The link between mental illness and violence have led to individuals who have a mental illness being singled out or viewed with fear instead of compassion. Numerous studies and statistics show that people who are mentally ill are much more likely to commit suicide than they are to direct violence at someone else. In the USA alone in the year 2013 16,000 homicides were committed, and only 5% or around 800 of these homicides were committed by someone with a mental illness. In the same year 41,000 people commuted suicide in America, and around 90% of these individuals had at least one form of mental illness.

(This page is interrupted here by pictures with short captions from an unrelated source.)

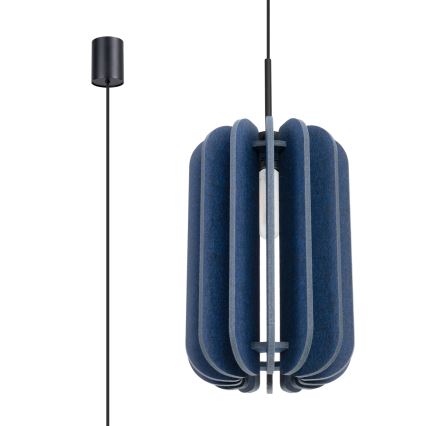 Kábeles függőlámpa MULA 1xE27/15W/230V átmérő 27 cm kék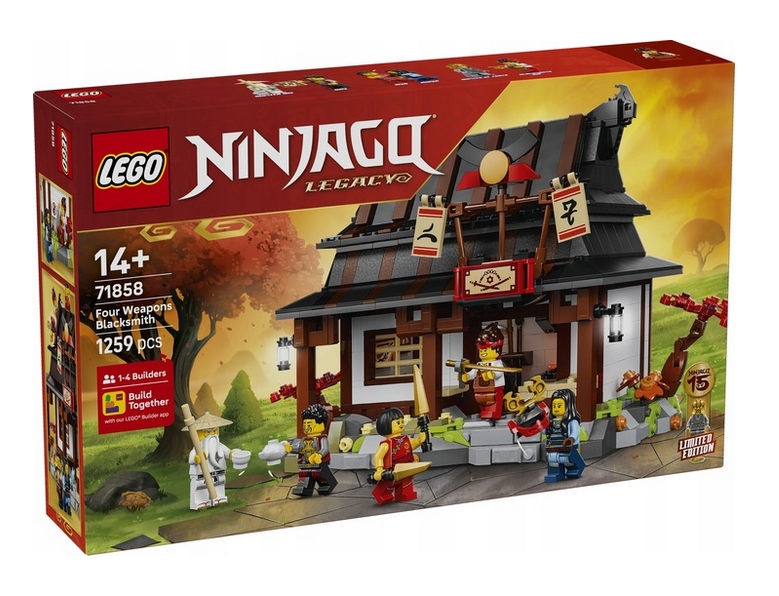 Lego 71858 Ninjago Kovárna Čtyři Zbraně 15 Léto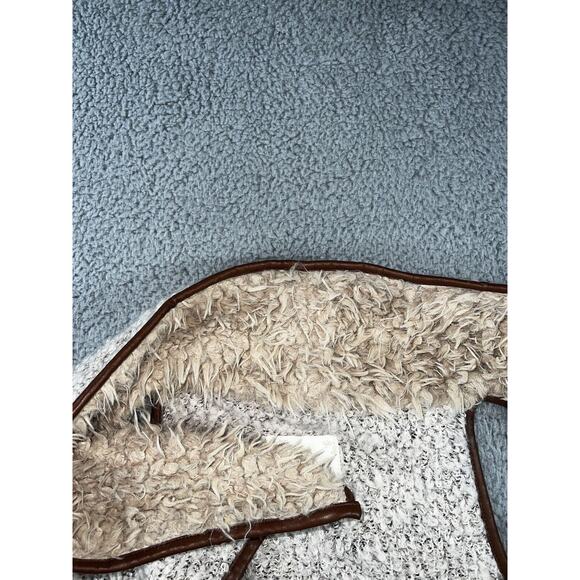 Altar'd State Vest Women Medium Open Front Faux Shearling Wool Blend Outerwear - Picture 9 of 16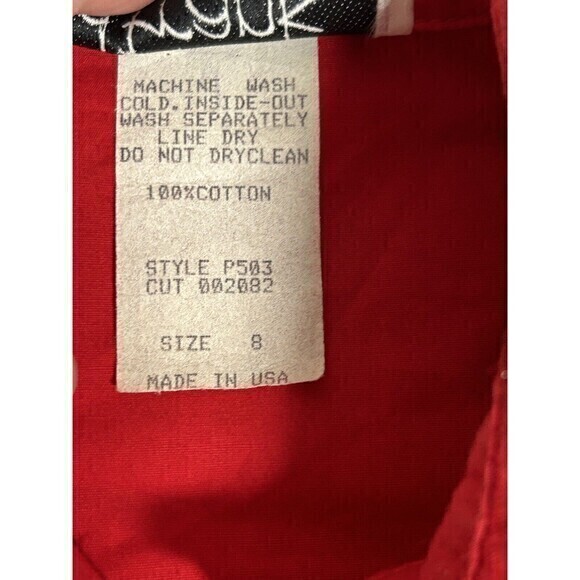 Vintage d. Frank Dress Womens 8‎ Western Fringe Beads Boho Primitive Roc… - Picture 9 of 9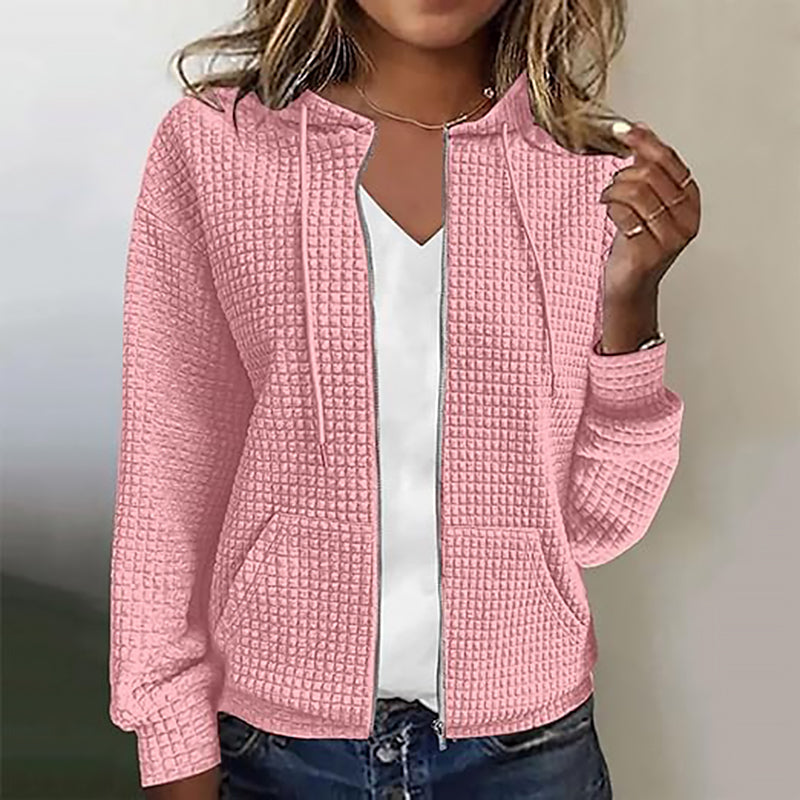 Sweatshirt | Damen Kapuzen Sweatshirt | Reißverschluss
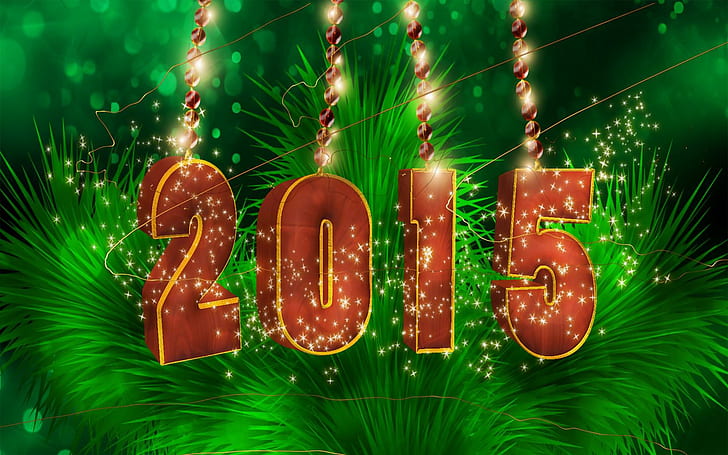 Siffror 2015, festivaler / helgdagar, nytt år, festival, semester, gott nytt år, HD tapet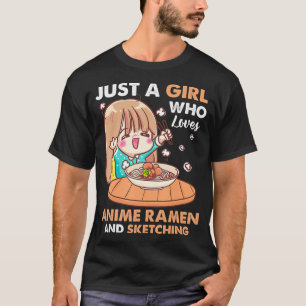 Gewoon een meisje dat van Anime Ramen houdt en Gi T-shirt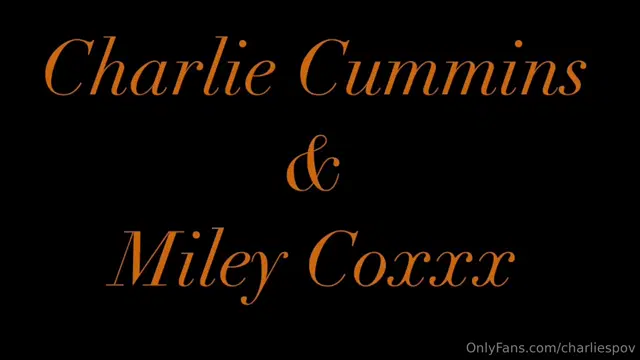 Charlie C aka charliespov – 11-05-2025 OnlyFans Video – Tomorrow at 12pm ET Ill be releasing on here this video I made with mileycoxxx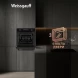 Духовой шкаф Электрический Weissgauff EOM 741 PDB Black Edition черный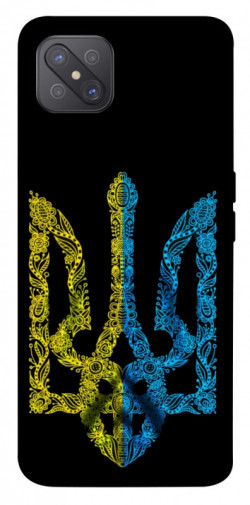 Чехол itsPrint Жовтоблакитний герб для Oppo A92s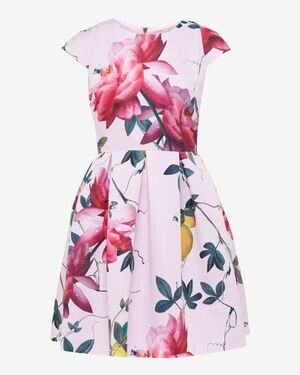 Ted Baker London TILLEA Citrus Bloom pleated dress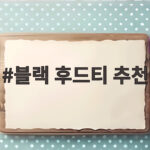 블랙 후드티 추천 가을에 바로 꺼내 입는 활용법과 컬러 팁 블랙 후드티 추천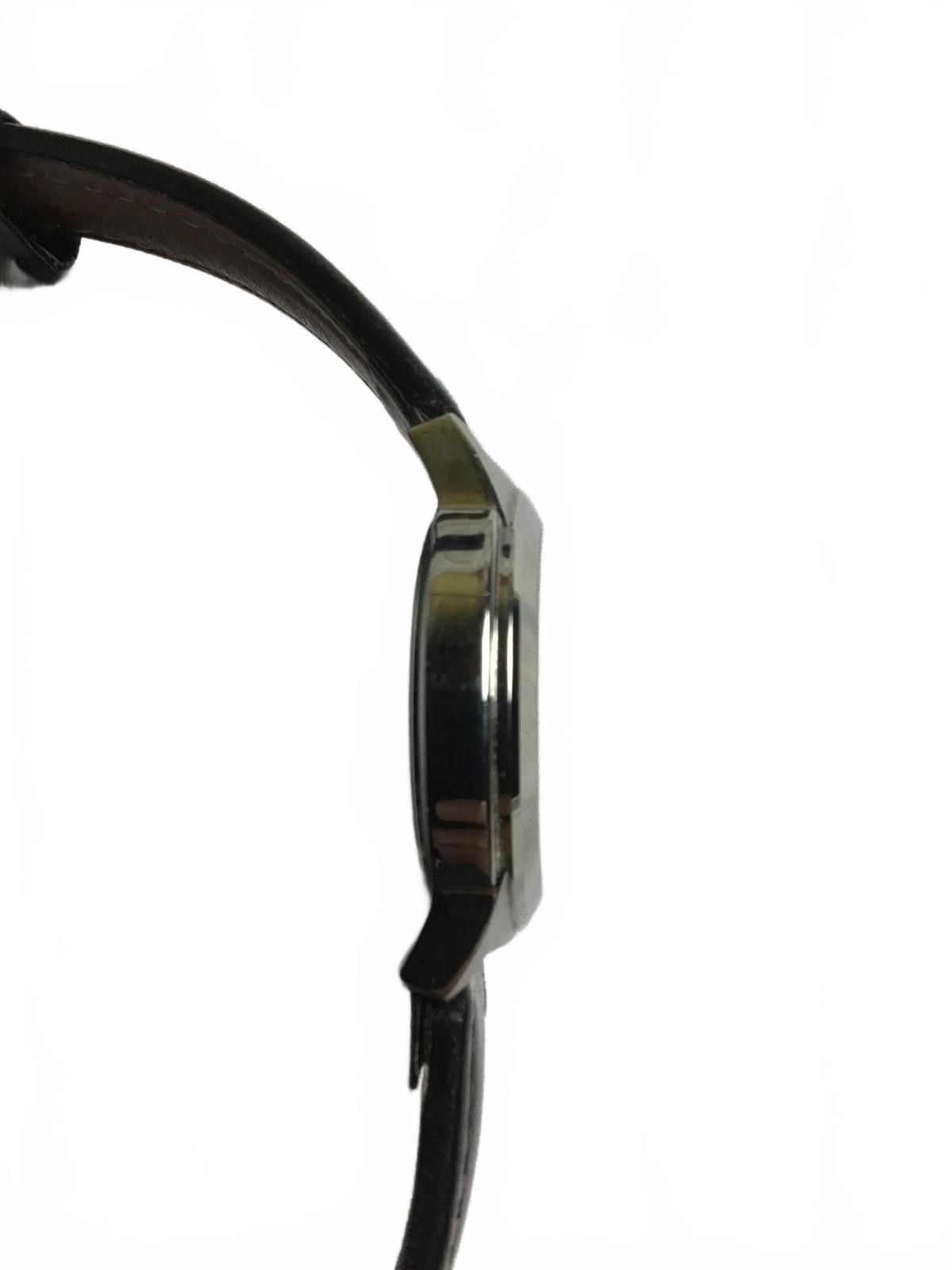 Timex Timex Men's Black Leather Strap Wristwatch with Date Display Size ONE SIZE - 8 Thumbnail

These numbers show that someone who is mentally ill is more likely to harm themselves than they are to be violent with others.

The key to stopping violence and lowering the suicide rate is effective treatment for mental illness. Often individuals who have mental problems fall through the cracks. Treatment may be difficult to obtain, and mental illness can affect the thinking and decision making that the individual engages in. Many are calling for better mental health services and earlier intervention, and some are advocating for a return of policies from the past when the mentally ill were locked up indefinitely. Politicians rarely point out the suicide rate for mentally ill people while at the same time they are quick to blame mental illness when a mass shooting occurs and the perpetrator suffered from a mental condition. Until treatment for mental health is available to everyone who needs it there will be incidents of violence but these are much smaller than the number of people who take their own lives because they are mentally ill.